Imaging the Hippocampal Formation in Alzheimer’s Disease.

Abstract

Entorhinal cortex dysfunction has been implicated early in Alzheimer’s disease, which is characterized by changes in tau protein and in the cleaved fragments of amyloid precursor protein (APP). This thesis presents work to address basic questions about entorhinal cortex pathophysiology using a high-resolution functional magnetic resonance imaging (fMRI) variant that can map metabolic defects in patients and mouse models of disease in the basal state.

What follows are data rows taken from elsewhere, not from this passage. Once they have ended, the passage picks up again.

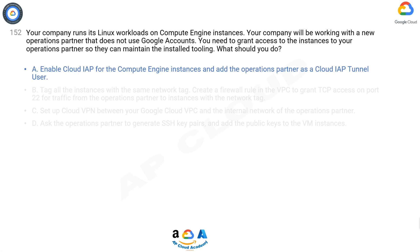A is the correct answer. IAP controls access to your App Engine apps and Compute Engine VMs running on Google Cloud. It leverages user identity and the context of a request to determine if a user should be allowed access. IAP is a building block toward BeyondCorp, an enterprise security model that enables employees to work from untrusted networks without using a VPN.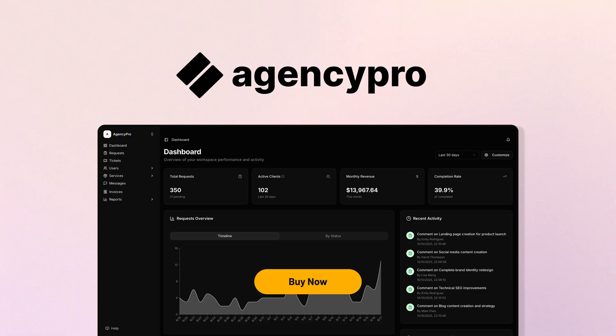AgencyPro brings all your client management, projects, invoices, and communications into one streamlined platform. If you're ready to save time, look more professional, and scale your agency without the chaos, then click buy now to grab lifetime access to AgencyPro today.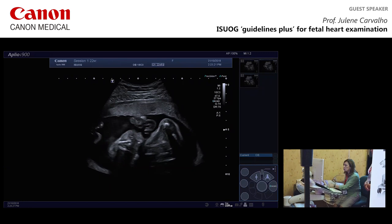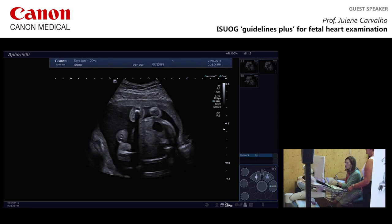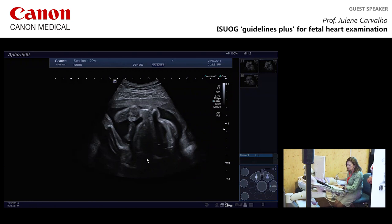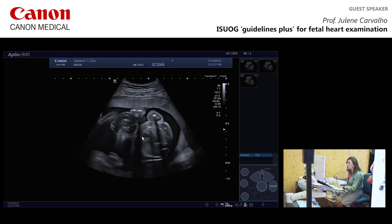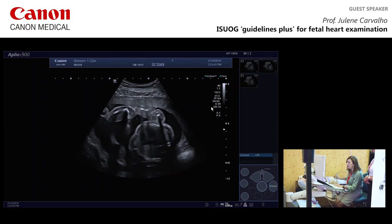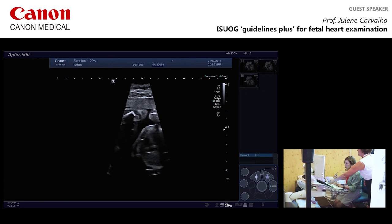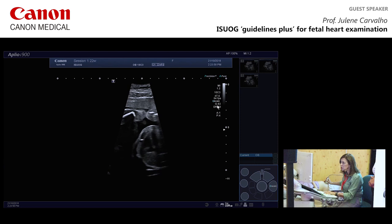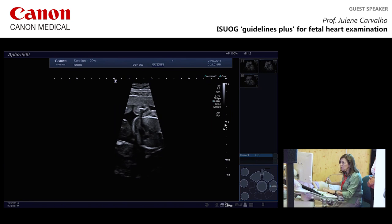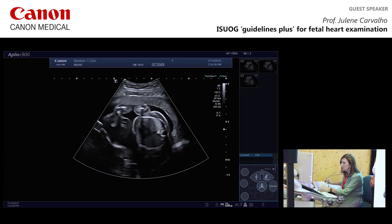This lady is 22 weeks and 6 days. We're starting with an obstetric preset, which is quite wide but soft for the heart — the frame rate is only 25 frames per second. Switching to the fetal heart preset, the frame rate immediately changes to around 50 — doubled. I tend to widen the sector initially so I can see the baby and perform an internal and external examination to find the best window.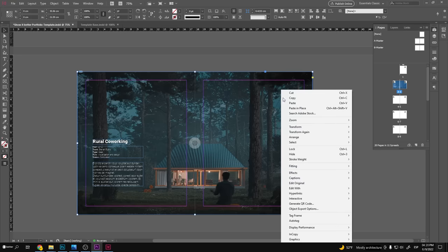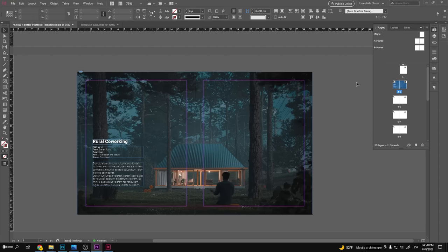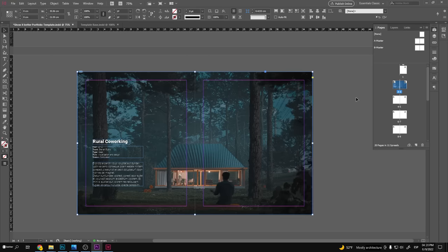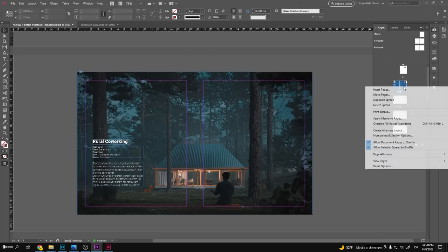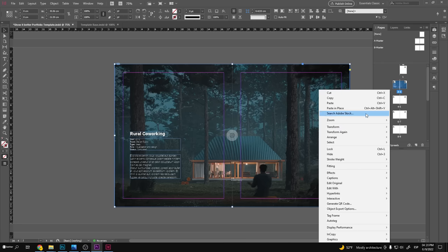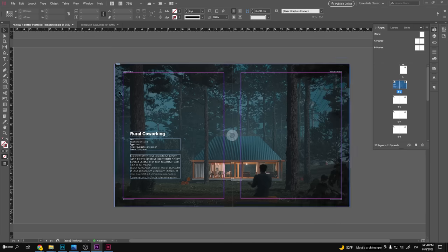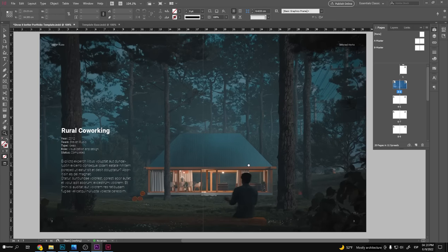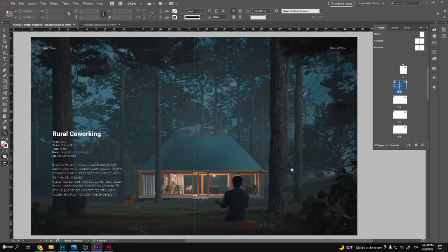Also, since we can't see our page numbers, we will right click on top of the spread and select override all master page items. Now we can just click on our large render and click on set to back. Pretty easy, right? This type of spread works excellent if you have a perfect image, but what if you don't?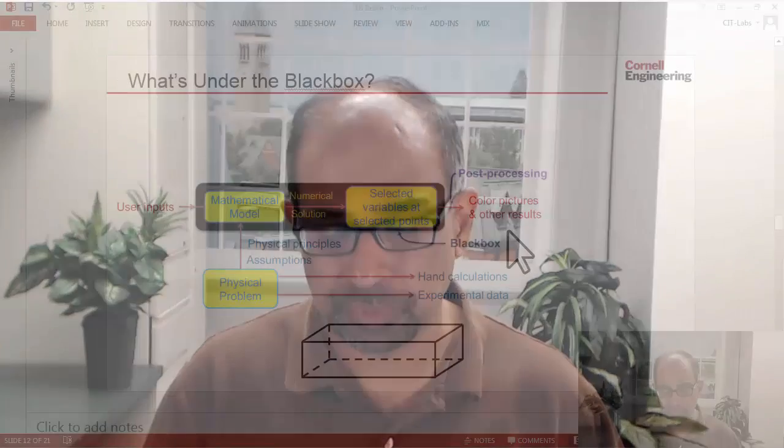Now that we have the numerical solution to our mathematical model based on the Euler-Bernoulli beam theory, let's move to post-processing. Before I get into ANSYS, I want to take a minute to situate ourselves within the framework of what's under the black box.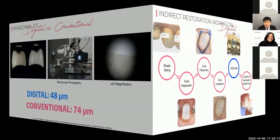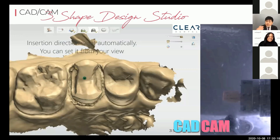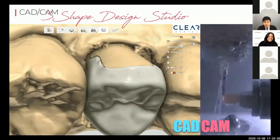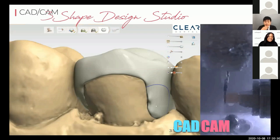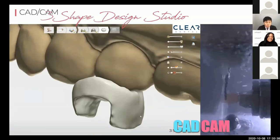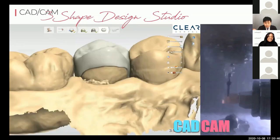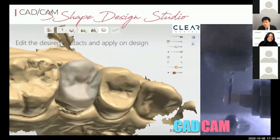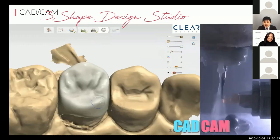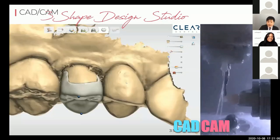Once intraoral scanning is done, we're ready to fabricate the restoration. The software used here is 3Shape Design Studio. Jack will go over this software in more detail and do a live demonstration. It's very user-friendly — it detects the margin quite well, and the auto design it produces is quite good, so there are not many changes needed.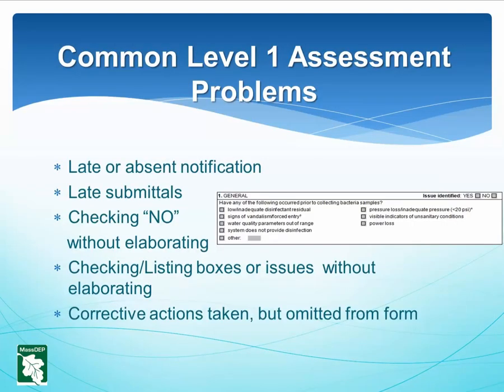Common Level 1 Assessment Problems: MassDEP has noticed failure to notify MassDEP of a trigger or late notification — in one region a submittal was 1.5 months late. Other problems include checking 'no' without elaborating, checking or listing a series of boxes or issues without elaborating, and few or no boxes checked without potential causes identified despite the system taking corrective action. Under the RTCR, MassDEP must be notified of an assessment trigger promptly. Elaborating when checking 'no' is important, and not identifying potential causes of contamination should mean taking a closer look at the system. Chlorination or flushing may not solve the problem. Assessors must fill out the Level 1 form as completely as possible to avoid issues down the line.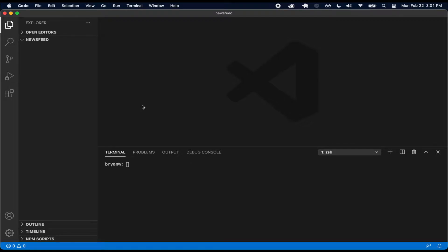Welcome back to another exciting video. In this video we're going to continue where we left off in the last video. Previously we took a look at the application we're going to be building and we also did some of the initial setup for Flutter. We got it installed on our operating system whether using Windows or macOS, and now we're going to go ahead and make use of that.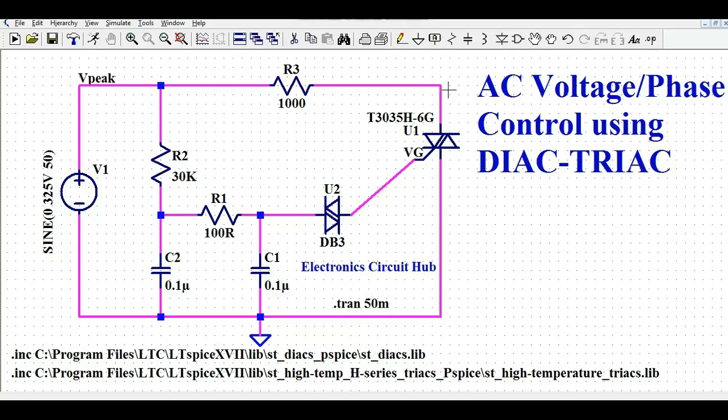Hello friends, welcome to Electronic Circuit Hub. Today we are going to understand LT-SPICE simulation of AC voltage control using DIAC and TRIAC — in other words, LT-SPICE simulation of AC phase control using DIAC and TRIAC.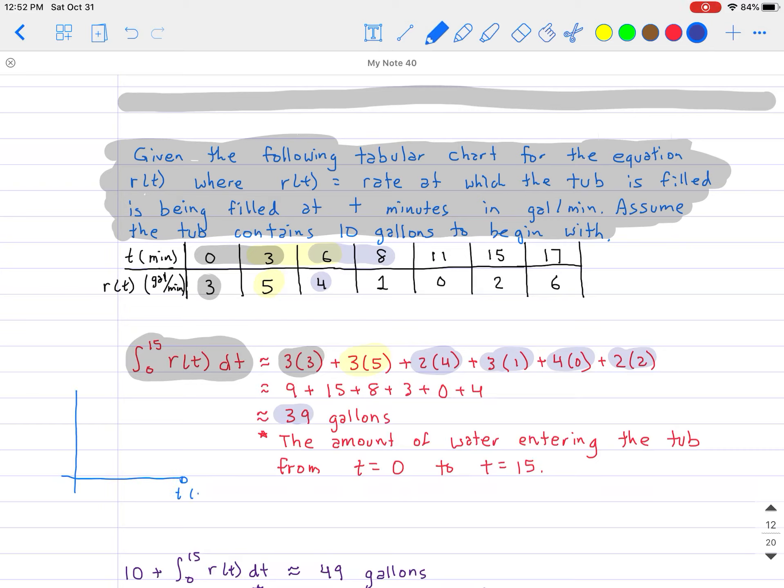The answer is 39 gallons, which represents the amount of water entering the tub from t = 0 to t = 15. That is the geometrical representation of the integral in this problem. Now, if we take that answer and add the initial 10 gallons, we get 49 gallons — the total amount of water in the tub, since it started with 10 gallons and 39 gallons entered from t = 0 to t = 15.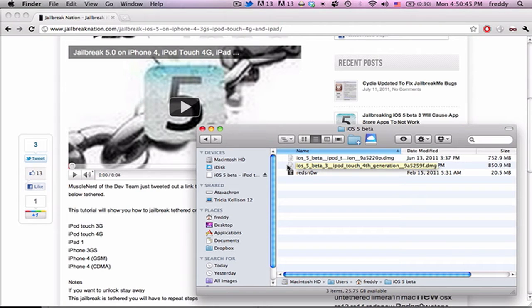Hello YouTube, today I'm going to be showing you how to jailbreak iOS 5 Beta 3, which Apple just released today. You should note that there are a couple issues with this jailbreak, like you won't be able to run third-party apps, which is pretty serious. Hopefully there will be an update to Red Snow that will fix this issue, but for now I'm just going to run through it really quick and show you how you can do it.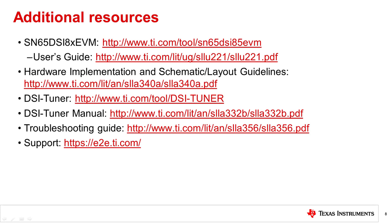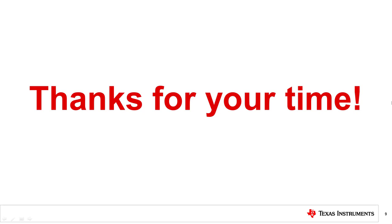Please also reference our large collection of online resources to help with your design and debugging. If you continue to have issues or have any questions, then please visit our E2E support forum. That concludes this video. Thank you for watching.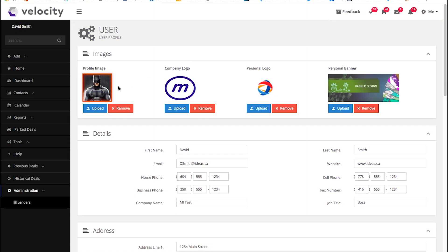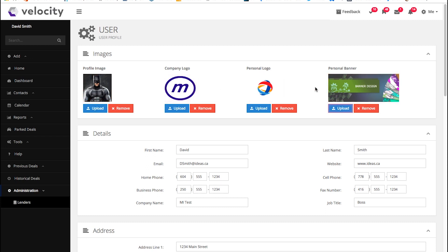Your profile image, company logo, personal logo, and personal banner all go here. You can just simply click to upload.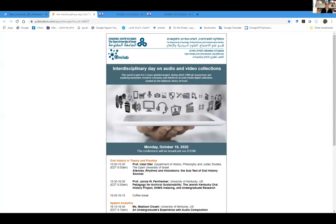Thank you so much for joining us on this interdisciplinary day on audio and video collections. Over the last 10, even 15 years, digital humanities have experienced an incredible gain in momentum and have provided researchers with a vast amount and new types of research data, such as digital editions of text, films, audio and video recordings, poems, musical pieces, and other semiotic artifacts.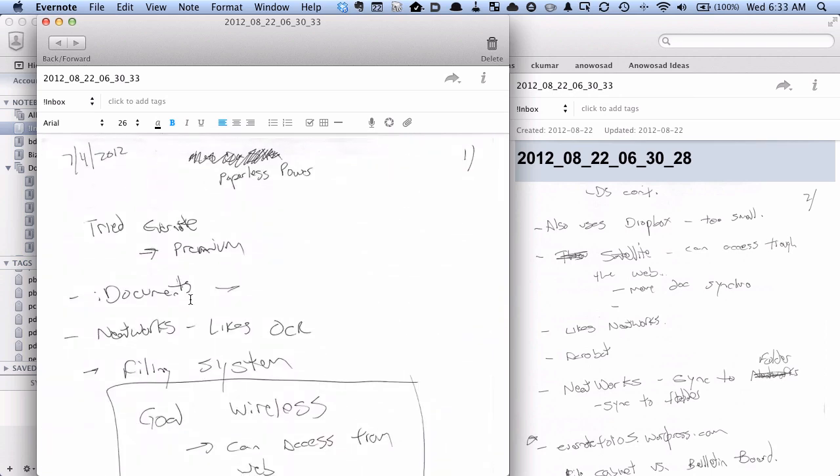That's basically my Evernote handwritten note workflow. Now when I synchronize this up to Evernote, it's going to recognize as much of the text as it can, and I have this stored in my Evernote notebook searchable on all of my devices. For more going paperless tips, head on over to documentsnap.com. Thanks!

Recent work has demonstrated that the entorhinal cortex is divided into functionally distinct regions, the medial entorhinal cortex (MEC) and the lateral entorhinal cortex (LEC). We exploited the high-resolution capabilities of this fMRI variant, cerebral blood volume (CBV) imaging, to ask whether preclinical Alzheimer’s disease differentially affected these subregions. Next, we imaged three mouse models of disease to clarify the role that tau and APP play in driving entorhinal cortex dysfunction and to determine whether the entorhinal cortex can act as a source of dysfunction observed in synaptically linked cortical areas. We found that the LEC was differentially affected by tau and APP in preclinical disease, that LEC dysfunction could spread to the parietal cortex during preclinical disease and that APP expression potentiated tau toxicity in driving LEC dysfunction. Taken together, these findings help to explain regional vulnerability in Alzheimer’s disease.